The task was to create new packaging for all products in variants specifically for Lidl and Kaufland. The requirement, which determined the direction of the entire design process, was that the larger area of the packaging had to remain transparent. With regard to the material and type of printing, flexo printing was the obvious choice.
What we had to decipher before the first design
Prior to the redesign, the packaging for Kaufland was vertically split into a clear and a printed section, which caused problems in the print shop with uneven winding of the packaging on the roll and subsequent deformation. This problem was solved by applying varnish to the uncoated part to even out the thickness of the packaging surface. The redesign solved this problem by inserting a horizontal strip across the entire width of the packaging, which carries the colour code of the product and also compensates for the difference in height between the printed and clear material to avoid errors in printing. In the case of the adaptation of the design for Lidl, aware of the limitations, we went a completely different route and the dominant feature of the packaging is a shield set in the centre.
As we redesigned all the packaging, we had a freer hand in creating the function and role of the packaging in detail, but also in the context of the whole range. Products vary in width or height, so we needed to place graphic elements on the same level everywhere to unify the product line on the shelf, in the catalogue or on the web.
Our versatility as added value
As part of the packaging design, we also created the product photos in-house, these were part of the packaging design as per the brief. Not only that, the photos are still used today in the company’s internal presentations, on the web or in catalogues. On this occasion, we also created image shots, which the company also used.

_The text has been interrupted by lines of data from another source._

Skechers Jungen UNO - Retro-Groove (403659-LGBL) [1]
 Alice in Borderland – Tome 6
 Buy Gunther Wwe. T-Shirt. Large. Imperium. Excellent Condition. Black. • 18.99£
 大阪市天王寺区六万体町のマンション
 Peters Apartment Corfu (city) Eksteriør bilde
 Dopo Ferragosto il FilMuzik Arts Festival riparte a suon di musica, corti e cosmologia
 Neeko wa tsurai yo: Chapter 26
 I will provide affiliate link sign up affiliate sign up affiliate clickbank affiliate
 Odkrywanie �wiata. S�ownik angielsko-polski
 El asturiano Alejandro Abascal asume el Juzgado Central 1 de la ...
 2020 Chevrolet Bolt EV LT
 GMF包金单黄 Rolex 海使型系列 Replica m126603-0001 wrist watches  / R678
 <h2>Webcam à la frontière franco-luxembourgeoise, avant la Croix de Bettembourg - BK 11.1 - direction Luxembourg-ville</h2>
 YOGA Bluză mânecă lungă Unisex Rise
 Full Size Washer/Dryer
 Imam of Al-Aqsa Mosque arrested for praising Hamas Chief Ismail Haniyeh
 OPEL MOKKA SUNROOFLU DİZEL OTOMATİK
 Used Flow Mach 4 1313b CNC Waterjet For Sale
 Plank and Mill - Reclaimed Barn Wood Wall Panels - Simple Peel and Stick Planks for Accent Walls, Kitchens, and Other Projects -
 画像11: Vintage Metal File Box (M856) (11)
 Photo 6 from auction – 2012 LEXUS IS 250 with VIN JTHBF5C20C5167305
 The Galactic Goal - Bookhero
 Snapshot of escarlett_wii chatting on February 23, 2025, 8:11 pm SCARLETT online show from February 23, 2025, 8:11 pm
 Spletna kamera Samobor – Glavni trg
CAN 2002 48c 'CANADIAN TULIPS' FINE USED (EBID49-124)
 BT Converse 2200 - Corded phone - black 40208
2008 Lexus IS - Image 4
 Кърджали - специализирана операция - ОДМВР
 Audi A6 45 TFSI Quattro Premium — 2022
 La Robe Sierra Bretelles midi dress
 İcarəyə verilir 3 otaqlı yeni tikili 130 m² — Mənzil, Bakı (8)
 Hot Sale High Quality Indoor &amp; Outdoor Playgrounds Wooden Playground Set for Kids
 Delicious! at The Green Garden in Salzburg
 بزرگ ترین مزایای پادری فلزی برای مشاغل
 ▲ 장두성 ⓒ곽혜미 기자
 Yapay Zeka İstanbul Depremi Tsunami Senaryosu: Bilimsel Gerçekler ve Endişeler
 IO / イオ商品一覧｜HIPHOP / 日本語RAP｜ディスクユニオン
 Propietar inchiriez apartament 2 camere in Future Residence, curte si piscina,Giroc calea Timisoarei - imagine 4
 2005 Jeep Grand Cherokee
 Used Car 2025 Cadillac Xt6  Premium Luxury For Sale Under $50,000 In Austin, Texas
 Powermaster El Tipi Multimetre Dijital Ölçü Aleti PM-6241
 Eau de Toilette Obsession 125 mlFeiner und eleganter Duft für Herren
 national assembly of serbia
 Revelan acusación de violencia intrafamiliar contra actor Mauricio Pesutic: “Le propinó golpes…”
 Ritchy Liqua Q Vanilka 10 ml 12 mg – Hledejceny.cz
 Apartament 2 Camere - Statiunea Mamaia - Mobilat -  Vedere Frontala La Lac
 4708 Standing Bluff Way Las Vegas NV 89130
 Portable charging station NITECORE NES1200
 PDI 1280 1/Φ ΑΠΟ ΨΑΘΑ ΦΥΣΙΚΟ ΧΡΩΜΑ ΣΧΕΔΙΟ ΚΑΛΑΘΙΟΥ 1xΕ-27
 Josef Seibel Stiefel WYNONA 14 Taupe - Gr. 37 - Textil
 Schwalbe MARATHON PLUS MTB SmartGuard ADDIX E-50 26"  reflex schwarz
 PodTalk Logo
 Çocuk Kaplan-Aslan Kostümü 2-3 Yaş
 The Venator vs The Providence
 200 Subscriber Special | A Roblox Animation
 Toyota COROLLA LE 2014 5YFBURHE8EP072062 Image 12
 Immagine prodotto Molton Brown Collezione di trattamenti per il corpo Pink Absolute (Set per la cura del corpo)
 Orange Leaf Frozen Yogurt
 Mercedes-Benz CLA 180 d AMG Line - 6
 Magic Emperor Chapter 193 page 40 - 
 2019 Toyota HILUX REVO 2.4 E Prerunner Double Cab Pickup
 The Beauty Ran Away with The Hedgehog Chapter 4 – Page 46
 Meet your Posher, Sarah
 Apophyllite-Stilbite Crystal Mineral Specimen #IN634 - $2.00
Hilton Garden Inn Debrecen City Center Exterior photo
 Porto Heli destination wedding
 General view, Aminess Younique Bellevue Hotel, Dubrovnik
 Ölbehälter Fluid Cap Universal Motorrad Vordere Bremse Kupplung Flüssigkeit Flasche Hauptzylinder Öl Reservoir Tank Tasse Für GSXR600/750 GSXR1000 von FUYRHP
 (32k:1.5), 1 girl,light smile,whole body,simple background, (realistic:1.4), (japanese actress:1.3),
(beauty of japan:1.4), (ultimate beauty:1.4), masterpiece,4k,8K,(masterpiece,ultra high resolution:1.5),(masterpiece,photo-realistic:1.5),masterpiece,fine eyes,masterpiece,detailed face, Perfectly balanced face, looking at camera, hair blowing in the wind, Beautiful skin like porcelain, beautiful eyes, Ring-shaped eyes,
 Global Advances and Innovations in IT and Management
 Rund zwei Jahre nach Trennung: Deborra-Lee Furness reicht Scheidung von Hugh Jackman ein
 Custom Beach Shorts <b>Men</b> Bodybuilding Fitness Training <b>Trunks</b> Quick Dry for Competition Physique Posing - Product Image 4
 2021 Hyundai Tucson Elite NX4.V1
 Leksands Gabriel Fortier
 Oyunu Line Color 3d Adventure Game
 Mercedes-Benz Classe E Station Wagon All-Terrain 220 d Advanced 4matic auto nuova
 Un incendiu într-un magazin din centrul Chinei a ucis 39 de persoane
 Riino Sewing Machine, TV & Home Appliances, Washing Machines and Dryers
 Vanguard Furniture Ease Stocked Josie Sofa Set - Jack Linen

After each major step, we created test mock-ups, on which we tried to fine-tune the content and composition part of the design. We had to reckon with the deformations of the cover and think about the visibility of the different elements and the logo. Throughout the entire duration of this packaging job, we regularly consulted with our print data specialist and the printer, which we jointly chose with the client. We thus eliminated shortcomings and knew what limits the printing technology, material or inks presented.
We fine-tuned it in print
In printing, we used the maximum number of colors that flexo printing technology allows. The primary colour of the packaging is black, we had to create this by double-coating the ink to achieve a perfect deep black. Since we were printing on transparent material, it was obviously necessary to underprint the entire graphic in white as well.
The client wanted to make sure that the project would be completed successfully with the final production of the cover at the printer. Even the best graphic packaging design can fail at this stage. Breadway therefore entrusted us with expert print supervision. We thus handed over the finished packaging to the customer as a result of our comprehensive and extensive work. The client’s investment in the last stage of the process was returned to him in the form of 100% satisfaction with the final result.
Such a comprehensive and long-term packaging cooperation makes both us and the client happy, because we can guarantee the jointly intended result. The client is satisfied with the efficiency, quality and consistency of the processes that we solve for him. As the supplier who manages and oversees the entire process, we are satisfied that we can be absolutely identified with the outcome for which we are responsible.